Lauritzen T, Frost-Larsen K, Larsen H W, Deckert T
Lancet. 1983 Jan 29;1(8318):200-4. doi: 10.1016/s0140-6736(83)92585-0.
30 insulin-dependent diabetic patients with background retinopathy were randomised to conventional treatment (UCT) or treatment with continuous subcutaneous insulin infusion (CSII). They were followed prospectively for 1 year with fortnightly seven-sample home blood glucose measurements and retinal examinations every 6 months. Mean blood glucose and stable haemoglobin A1c during months 3-12 were significantly lower in the CSII than the UCT group. Retinal morphology deteriorated during the year with no significant differences between UCT and CSII groups.

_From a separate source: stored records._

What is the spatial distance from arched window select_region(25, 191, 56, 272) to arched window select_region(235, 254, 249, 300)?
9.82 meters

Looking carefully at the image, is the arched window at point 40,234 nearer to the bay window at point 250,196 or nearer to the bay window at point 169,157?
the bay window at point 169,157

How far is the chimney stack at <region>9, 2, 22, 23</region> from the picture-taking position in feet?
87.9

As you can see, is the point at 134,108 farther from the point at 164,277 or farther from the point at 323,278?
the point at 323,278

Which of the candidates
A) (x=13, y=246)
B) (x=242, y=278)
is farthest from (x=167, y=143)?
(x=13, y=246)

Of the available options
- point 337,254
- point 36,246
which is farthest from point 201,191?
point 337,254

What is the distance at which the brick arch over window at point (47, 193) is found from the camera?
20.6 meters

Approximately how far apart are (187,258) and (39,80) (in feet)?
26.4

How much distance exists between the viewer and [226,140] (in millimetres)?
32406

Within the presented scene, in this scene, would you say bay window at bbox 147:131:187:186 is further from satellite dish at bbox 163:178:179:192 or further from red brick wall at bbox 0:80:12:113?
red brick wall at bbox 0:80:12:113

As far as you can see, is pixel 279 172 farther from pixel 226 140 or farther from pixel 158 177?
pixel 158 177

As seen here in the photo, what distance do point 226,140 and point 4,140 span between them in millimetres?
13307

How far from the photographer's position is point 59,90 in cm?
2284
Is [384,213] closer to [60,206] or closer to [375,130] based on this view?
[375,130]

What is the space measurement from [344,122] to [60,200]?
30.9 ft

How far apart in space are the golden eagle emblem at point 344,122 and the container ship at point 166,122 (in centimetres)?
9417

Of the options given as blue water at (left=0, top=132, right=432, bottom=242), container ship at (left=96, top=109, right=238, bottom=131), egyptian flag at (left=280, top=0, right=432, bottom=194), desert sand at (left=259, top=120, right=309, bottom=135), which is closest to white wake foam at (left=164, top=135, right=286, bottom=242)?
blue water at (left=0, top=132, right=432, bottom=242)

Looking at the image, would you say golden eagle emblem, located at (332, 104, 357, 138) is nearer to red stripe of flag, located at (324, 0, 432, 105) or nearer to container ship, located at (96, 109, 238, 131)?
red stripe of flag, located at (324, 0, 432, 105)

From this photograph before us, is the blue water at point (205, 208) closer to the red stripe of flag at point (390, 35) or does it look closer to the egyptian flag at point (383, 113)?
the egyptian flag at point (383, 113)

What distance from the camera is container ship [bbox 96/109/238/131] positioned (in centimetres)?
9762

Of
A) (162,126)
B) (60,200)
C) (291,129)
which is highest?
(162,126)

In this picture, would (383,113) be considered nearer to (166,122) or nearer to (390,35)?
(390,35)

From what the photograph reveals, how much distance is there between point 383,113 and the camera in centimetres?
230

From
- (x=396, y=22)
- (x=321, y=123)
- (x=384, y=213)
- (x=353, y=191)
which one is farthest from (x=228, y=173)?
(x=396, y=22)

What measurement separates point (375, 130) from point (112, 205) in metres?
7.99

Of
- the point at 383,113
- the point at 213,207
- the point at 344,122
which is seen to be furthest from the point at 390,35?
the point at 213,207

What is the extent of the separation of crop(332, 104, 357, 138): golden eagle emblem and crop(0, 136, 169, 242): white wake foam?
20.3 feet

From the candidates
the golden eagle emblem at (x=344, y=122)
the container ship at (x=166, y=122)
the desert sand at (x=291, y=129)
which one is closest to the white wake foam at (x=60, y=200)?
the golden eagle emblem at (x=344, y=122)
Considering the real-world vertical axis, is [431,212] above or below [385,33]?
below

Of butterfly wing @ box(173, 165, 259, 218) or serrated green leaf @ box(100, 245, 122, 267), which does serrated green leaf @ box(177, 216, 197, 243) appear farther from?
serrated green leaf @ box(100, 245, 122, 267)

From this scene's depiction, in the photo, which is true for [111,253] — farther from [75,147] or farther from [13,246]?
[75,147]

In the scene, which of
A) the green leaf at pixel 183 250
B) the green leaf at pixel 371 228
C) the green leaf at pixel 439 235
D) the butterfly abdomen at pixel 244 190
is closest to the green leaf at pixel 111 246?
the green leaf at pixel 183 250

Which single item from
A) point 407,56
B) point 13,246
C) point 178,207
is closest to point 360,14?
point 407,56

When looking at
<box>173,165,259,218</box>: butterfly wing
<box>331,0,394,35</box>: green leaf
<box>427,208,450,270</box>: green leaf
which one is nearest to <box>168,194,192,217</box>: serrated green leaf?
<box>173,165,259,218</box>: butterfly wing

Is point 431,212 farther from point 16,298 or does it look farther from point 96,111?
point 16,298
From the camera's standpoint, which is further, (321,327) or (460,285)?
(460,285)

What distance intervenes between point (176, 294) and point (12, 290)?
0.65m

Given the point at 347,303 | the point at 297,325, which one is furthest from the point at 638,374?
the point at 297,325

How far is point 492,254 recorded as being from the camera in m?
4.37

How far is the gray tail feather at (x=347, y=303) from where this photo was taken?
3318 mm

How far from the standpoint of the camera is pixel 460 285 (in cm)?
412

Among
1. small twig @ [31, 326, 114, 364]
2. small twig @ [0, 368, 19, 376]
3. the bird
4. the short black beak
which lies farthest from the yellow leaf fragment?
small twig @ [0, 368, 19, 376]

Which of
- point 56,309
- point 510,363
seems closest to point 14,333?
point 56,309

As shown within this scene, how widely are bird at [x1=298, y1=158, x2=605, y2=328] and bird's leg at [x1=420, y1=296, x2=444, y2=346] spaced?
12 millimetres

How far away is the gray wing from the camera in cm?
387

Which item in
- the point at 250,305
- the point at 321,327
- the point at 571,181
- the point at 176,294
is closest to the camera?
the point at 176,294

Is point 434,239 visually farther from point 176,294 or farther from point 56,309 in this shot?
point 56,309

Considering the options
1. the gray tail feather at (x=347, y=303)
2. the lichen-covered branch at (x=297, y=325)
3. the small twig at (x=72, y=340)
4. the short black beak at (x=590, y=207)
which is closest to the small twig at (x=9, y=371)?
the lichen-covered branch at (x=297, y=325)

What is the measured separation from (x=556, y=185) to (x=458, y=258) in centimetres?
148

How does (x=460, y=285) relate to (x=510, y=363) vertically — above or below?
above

The frequency of deterioration was highest in the CSII group, especially among the 10 patients with best glycaemic control. Proliferative retinopathy developed in 3 patients--2 of these were CSII treated. Retinal function (oscillatory potential, macular recovery time, and posterior vitreous fluorophotometry) improved significantly with CSII treatment and deteriorated significantly with UCT. Changes in retinal function were most pronounced in patients with the best and the poorest regulated glycaemic control.

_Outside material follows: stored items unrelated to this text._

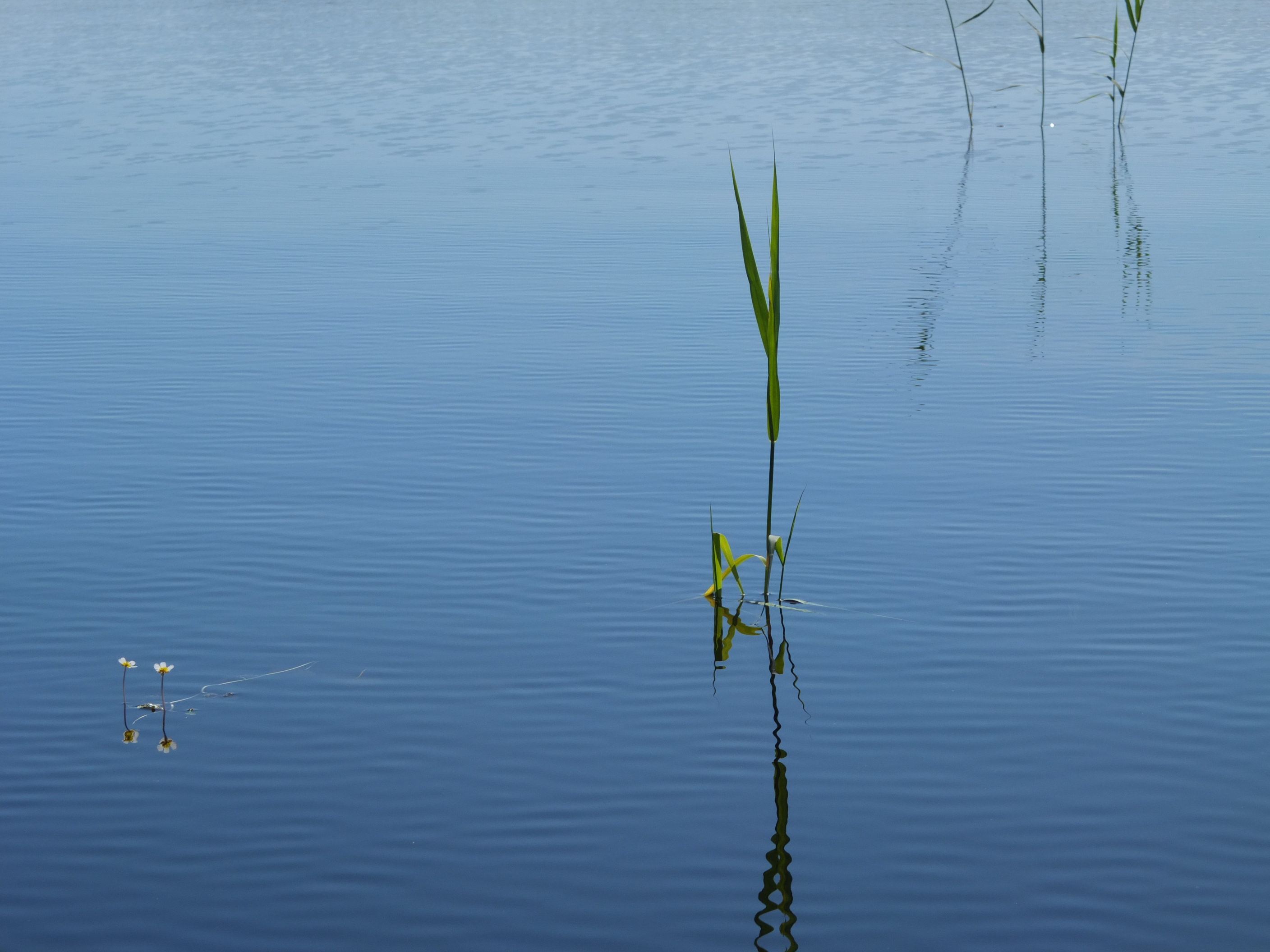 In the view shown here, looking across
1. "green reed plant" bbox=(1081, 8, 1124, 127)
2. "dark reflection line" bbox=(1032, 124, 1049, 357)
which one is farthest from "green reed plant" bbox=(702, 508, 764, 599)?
"green reed plant" bbox=(1081, 8, 1124, 127)

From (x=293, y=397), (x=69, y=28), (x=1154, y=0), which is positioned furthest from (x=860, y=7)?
(x=293, y=397)

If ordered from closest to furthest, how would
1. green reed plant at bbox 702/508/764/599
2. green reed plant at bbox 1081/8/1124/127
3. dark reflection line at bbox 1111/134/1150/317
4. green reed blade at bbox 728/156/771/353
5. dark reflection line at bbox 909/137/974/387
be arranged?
green reed blade at bbox 728/156/771/353 → green reed plant at bbox 702/508/764/599 → dark reflection line at bbox 909/137/974/387 → dark reflection line at bbox 1111/134/1150/317 → green reed plant at bbox 1081/8/1124/127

30名患有背景性视网膜病变的胰岛素依赖型糖尿病患者被随机分为接受传统治疗(UCT)组或持续皮下胰岛素输注(CSII)治疗组。对他们进行了为期1年的前瞻性随访,每两周进行7次家庭血糖测量,每6个月进行一次视网膜检查。在第3至12个月期间,CSII组的平均血糖和稳定血红蛋白A1c显著低于UCT组。一年中视网膜形态恶化,UCT组和CSII组之间无显著差异。恶化频率在CSII组最高,尤其是在血糖控制最佳的10名患者中。3名患者发生了增殖性视网膜病变,其中2名接受CSII治疗。CSII治疗使视网膜功能(振荡电位、黄斑恢复时间和玻璃体后荧光光度法)显著改善,而UCT治疗使其显著恶化。视网膜功能变化在血糖控制最佳和最差的患者中最为明显。